------ Dataset records ------

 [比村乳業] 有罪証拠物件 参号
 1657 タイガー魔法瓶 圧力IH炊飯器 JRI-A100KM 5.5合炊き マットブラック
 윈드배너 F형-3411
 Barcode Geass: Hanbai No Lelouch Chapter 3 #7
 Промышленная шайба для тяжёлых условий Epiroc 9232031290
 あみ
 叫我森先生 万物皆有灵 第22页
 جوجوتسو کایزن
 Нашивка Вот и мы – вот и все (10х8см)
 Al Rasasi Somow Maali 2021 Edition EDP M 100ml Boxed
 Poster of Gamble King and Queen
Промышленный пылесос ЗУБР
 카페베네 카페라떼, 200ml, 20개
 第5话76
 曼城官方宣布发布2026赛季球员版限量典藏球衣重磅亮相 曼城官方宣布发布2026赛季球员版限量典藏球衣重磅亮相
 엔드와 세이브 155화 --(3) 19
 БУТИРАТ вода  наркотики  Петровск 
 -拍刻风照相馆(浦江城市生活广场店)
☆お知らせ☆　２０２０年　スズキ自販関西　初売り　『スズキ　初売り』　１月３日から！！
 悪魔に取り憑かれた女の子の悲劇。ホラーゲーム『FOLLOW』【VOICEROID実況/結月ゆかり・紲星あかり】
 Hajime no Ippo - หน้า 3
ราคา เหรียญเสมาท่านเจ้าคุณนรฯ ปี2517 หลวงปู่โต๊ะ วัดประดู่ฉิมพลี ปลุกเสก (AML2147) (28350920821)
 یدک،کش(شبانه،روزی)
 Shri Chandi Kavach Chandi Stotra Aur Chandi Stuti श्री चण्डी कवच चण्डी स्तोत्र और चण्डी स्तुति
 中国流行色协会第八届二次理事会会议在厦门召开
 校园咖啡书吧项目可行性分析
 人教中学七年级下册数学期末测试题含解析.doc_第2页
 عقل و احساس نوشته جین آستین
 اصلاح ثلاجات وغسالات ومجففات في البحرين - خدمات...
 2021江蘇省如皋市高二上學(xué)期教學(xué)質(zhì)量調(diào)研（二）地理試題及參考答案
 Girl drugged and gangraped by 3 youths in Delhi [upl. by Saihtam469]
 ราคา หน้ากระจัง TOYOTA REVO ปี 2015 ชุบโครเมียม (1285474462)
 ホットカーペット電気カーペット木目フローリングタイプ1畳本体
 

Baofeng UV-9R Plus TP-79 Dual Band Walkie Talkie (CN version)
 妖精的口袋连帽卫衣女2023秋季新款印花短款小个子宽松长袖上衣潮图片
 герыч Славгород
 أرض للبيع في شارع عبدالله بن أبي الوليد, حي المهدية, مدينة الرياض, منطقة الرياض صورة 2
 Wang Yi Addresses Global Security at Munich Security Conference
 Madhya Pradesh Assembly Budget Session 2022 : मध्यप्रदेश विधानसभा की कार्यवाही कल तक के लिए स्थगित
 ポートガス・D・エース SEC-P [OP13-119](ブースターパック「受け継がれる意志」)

------

▸ Your goal
Copy out every line of the data that includes "ราคา".

▸ Solution to this problem
ราคา เหรียญเสมาท่านเจ้าคุณนรฯ ปี2517 หลวงปู่โต๊ะ วัดประดู่ฉิมพลี ปลุกเสก (AML2147) (28350920821)
 ราคา หน้ากระจัง TOYOTA REVO ปี 2015 ชุบโครเมียม (1285474462)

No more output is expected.